Poland's nuclear programme making good progress, says IAEA

26 April 2024

An International Atomic Energy Agency review mission has praised steps taken to develop the necessary infrastructure for a safe and sustainable nuclear power programme in Poland. Meanwhile, Bechtel marks the start of site field work for the country's first nuclear power plant.

Ceyhan, right, presents the draft report to Motyka (Image: Polish Climate Ministry)

The 11-day IAEA mission to Poland - a Phase 2 Integrated Nuclear Infrastructure Review - took place from 15 to 25 April at the invitation of the Polish government and used the IAEA's Milestones Approach to review the status of 19 nuclear infrastructure issues. The aim is the check the readiness of a country to invite bids or negotiate a contract for their first nuclear power plant.

The 10-person team "identified good practices that would benefit other countries developing nuclear power in the areas of contracting approach, strategic approach to funding, early authorisation of technical support organisations to support the nuclear regulator, engagement with the electrical grid operator, stakeholder involvement and industrial involvement".

Mission team leader Mehmet Ceyhan, Technical Lead of the IAEA Nuclear Infrastructure Development Section, said: "The Polish Nuclear Power Programme (PNPP) was initiated with clear objectives and is progressing towards the construction stage in a structured way. We observed strong and dedicated teams in each of the key organisations that will help to achieve the government’s objectives for the PNPP."

Among the areas highlighted for further action was "the need to further review its legal and regulatory framework, and finalise the preparatory work required for the contracting and construction stages".

Miłosz Motyka, Undersecretary of State for the Ministry of Climate and Environment of Poland, said: "Poland's cooperation with the IAEA is a long-term collaboration, and the review mission is extremely valuable and beneficial for the implementation and execution of the Polish nuclear power programme."

The collaboration with the IAEA also involved a September 2023 Integrated Regulatory Review Service mission to the country which found Poland's nuclear regulatory framework met IAEA safety standards.

Field work getting under way

Meanwhile, a symbolic kick-off ceremony was held by US-firm Bechtel at its Warsaw office to mark the start of geological surveys for Poland's first nuclear power plant at the Lubiatowo-Kopalino site in the Pomeranian municipality of Choczewo.

Bechtel is a member of the US consortium responsible for the implementation of the nuclear power plant project which is set to feature three Westinghouse AP1000 units.
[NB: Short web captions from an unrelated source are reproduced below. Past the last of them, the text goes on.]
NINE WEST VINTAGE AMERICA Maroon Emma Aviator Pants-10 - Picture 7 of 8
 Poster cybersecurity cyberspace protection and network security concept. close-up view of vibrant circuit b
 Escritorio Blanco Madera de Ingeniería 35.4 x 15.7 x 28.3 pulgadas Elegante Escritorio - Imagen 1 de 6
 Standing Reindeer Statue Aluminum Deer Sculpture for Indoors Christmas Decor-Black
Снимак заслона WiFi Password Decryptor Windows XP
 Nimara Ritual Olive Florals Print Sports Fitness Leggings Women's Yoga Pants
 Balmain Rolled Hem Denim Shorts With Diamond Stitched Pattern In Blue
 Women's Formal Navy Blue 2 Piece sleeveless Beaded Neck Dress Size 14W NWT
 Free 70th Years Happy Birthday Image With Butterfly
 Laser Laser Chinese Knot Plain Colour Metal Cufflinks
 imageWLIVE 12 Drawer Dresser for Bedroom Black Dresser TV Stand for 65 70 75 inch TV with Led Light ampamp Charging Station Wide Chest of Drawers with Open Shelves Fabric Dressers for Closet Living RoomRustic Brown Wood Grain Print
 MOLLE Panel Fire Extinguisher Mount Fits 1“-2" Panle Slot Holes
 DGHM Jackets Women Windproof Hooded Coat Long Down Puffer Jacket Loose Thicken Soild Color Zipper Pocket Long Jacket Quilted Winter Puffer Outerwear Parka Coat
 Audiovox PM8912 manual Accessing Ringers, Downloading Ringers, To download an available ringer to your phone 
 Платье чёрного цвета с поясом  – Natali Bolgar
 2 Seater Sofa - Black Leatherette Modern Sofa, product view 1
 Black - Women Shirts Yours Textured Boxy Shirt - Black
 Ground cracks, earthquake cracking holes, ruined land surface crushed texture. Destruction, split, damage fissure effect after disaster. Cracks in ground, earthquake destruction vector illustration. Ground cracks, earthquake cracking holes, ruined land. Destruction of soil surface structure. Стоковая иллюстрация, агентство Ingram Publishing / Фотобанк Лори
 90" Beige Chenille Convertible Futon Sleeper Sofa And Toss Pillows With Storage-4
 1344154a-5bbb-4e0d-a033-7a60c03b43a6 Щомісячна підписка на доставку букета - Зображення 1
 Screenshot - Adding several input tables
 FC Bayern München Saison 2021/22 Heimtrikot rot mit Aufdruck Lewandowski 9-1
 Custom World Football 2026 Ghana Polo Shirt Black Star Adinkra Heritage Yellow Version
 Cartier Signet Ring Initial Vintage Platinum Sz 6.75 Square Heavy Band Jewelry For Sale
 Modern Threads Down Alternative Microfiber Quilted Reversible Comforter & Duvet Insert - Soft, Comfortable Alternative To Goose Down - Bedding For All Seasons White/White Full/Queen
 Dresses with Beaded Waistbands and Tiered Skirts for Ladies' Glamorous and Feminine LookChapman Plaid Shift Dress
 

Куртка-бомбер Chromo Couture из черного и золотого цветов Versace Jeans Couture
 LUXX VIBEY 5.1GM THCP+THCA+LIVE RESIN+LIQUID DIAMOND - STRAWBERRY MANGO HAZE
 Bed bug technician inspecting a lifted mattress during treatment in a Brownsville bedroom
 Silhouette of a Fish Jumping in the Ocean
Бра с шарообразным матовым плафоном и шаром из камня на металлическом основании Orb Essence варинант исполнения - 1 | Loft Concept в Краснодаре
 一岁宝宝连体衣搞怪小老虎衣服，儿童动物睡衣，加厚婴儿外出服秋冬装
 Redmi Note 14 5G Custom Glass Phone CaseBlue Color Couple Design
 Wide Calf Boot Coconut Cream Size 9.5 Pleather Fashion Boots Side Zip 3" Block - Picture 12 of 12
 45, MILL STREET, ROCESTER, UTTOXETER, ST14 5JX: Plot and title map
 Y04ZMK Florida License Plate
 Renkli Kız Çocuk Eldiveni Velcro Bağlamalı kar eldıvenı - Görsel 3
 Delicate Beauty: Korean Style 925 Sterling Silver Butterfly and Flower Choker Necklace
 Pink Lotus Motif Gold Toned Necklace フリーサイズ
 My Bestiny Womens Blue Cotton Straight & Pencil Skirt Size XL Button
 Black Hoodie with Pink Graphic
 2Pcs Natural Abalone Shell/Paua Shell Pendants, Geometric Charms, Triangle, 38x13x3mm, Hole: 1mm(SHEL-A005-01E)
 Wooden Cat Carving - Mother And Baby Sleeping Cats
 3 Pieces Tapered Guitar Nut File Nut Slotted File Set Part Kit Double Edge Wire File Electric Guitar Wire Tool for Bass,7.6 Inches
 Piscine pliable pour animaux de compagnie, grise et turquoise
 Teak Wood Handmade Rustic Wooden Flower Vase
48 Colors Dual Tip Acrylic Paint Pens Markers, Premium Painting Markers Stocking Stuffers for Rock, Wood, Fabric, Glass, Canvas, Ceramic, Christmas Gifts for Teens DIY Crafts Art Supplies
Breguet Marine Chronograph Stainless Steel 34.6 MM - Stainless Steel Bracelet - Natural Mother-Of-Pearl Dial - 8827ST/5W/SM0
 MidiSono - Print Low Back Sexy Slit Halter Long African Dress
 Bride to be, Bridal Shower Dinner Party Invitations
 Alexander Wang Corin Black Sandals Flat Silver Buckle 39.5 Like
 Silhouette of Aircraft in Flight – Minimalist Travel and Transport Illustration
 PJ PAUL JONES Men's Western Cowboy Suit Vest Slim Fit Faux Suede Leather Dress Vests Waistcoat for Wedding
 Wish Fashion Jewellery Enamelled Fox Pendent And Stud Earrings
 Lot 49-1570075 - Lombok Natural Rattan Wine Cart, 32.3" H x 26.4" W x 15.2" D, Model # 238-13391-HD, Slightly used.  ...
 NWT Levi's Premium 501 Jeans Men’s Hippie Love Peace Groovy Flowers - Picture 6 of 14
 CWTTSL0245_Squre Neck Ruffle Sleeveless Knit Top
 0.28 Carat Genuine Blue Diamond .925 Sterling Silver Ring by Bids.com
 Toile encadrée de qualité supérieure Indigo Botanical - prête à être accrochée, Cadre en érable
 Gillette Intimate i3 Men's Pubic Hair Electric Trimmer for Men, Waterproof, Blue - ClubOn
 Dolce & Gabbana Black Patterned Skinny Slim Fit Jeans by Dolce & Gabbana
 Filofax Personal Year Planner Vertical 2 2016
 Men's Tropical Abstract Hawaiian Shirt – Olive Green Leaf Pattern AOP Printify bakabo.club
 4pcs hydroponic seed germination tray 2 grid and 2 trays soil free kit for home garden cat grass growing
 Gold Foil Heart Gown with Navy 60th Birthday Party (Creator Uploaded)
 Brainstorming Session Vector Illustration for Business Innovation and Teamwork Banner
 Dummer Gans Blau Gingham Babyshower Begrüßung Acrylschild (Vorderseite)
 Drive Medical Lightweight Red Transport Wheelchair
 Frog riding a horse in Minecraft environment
The field work is due to start in May on an area covering about 30 hectares with approximately 220 research points being constructed with depths of 20 to 210 metres. Bechtel has awarded the contract for the geological work to PSD Poland, with the work expected to be completed in November.

The findings will be crucial for the earthworks design for the plant and will also inform the Location Report which Polskie Elektrownie Jądrowe (PEJ) will need to submit to obtain a construction permit from Poland's National Atomic Energy Agency, the PPA.

The event was attended by the US Ambassador to Poland Mark Brzezinski, who called it "another important step forward as Poland and the United States work together to create a civil nuclear industry in Poland, and it shows that the United States is delivering on our shared commitment to Poland’s energy security and supporting Poland’s energy transition".

Leszek Hołda, Bechtel Poland Country Manager, said: "The commencement of the initial fieldwork for the construction of this plant is a significant moment for the Polish economy, the companies that will participate in the supply chain, and the local community."

Leszek Juchniewicz, a member of the board of directors and acting president of PEJ, said this was an important time for the enterprise and showed that "the project to build Poland's first nuclear power plant is gaining momentum".

Project background

PEJ - a special-purpose vehicle 100% owned by the State Treasury - is responsible for the construction project of the first nuclear power plant in Poland.

In November 2022, the then Polish government selected the Westinghouse AP1000 reactor technology. An agreement setting a plan for the delivery of the plant was signed in May last year by Westinghouse, Bechtel and PEJ. The Ministry of Climate and Environment in July issued a decision-in-principle for PEJ to construct the plant. The aim is for Poland's first AP1000 reactor to enter commercial operation in 2033.

Under an engineering services agreement signed in September last year, in cooperation with PEJ, Westinghouse and Bechtel will finalise a site-specific design for a plant featuring three AP1000 reactors. The design/engineering documentation includes the main components of the power plant: the nuclear island, the turbine island and the associated installations and auxiliary equipment, as well as administrative buildings and infrastructure related to the safety of the facility. The contract also involves supporting the investment process and bringing it in line with current legal regulations in cooperation with the PAA and the Office of Technical Inspection.